Authoring Custom Jupyter Widgets

A Hands-On Guide

Guest post authored by Olivier Borderies, Olivier Coudray, and Pierre Marion

Jupyter interactive widgets enhance the notebook experience by allowing users to create graphical user interfaces. They enable richer interaction with the data and computing resources.

While the base ipywidgets library comes with a number of controls such as sliders, buttons, and dropdowns, it is in fact much more than a collection of basic controls: it is the foundation of a framework upon which one can build arbitrarily complex interactions.

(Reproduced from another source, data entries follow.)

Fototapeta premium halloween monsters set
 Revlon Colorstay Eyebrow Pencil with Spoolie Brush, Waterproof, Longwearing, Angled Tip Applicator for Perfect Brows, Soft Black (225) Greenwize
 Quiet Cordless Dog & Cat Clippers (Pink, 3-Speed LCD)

Examples of custom widget libraries built upon the foundational package are

• bqplot, a d3-Jupyter bridge, and a 2-D plotting library following the constructs of the Grammar of Graphics,
• ipyleaflet, a leaflet-Jupyter bridge enabling maps visualization in the Jupyter notebook,
• pythreejs, a 3-D visualization library bringing the functionalities of Three.js into the Jupyter notebook,
• ipyvolume, a 3-D plotting library also based on Three.js enabling volume rendering, quiver plots and much more.

Jupyter Widgets, a Bridge Between Two Continents

Jupyter widgets provide a means to bridge the kernel and the rich ecosystem of JavaScript visualization libraries for the web browser. It is an amazing opportunity for scientific developers to use all these resources in their language of choice.

This article is meant to serve as a guide for developers interested in authoring a custom widget library and bridge the gap between the basic examples of the official documentation and fully-fledged visualization libraries like the ones listed above.

A number of resources are provided alongside the article, including the complete source code of the examples, notebooks, and Binder links.

In this post, we focus on the Python back-end, even though dozens of Jupyter kernels exist. The Python kernel is the reference implementation of the Jupyter protocol and remains the most featureful. We should also mention QuantStack’s Xeus, a native C++ implementation of Jupyter kernel protocol, which supports interactive widgets. Xeus is used as the foundation for the support of Jupyter widgets for the R and C++ kernels.

Xeus: C++ implementation of Jupyter kernel protocol

A Hands-On Guide

While the Jupyter community is thriving, and we start seeing a growth in the number of custom widget libraries as well. Although the learning curve from the examples of the official Jupyter documentation to authoring state-of-the-art libraries like the ones listed above is steep and may be intimidating.

We started on this path a few months ago and benefited from guidance from core Jupyter developers along the way. Now, we would like to share the lessons learned. We hope this will help turn this mountain trail into a new silk road!

Let us start with the ‘Hello World’ example widget from the ipywidgets documentation, before moving on to more advanced use cases.

1 — Improving on the Hello-World Example from the Documentation

This section is derived from the ipywidgets documentation. The code snippets are CC-0 licensed.

The idea behind Jupyter widgets is to enable a bi-directional communication channel between the kernel (back-end) and the JavaScript front-end. In Python, widgets are special objects which are automatically synchronized with a counterpart object in the JavaScript front-end. In the back-end, the change events are handled by the traitlets package, which implements the observer pattern, while on the JavaScript side, this is done with the Backbone.js library.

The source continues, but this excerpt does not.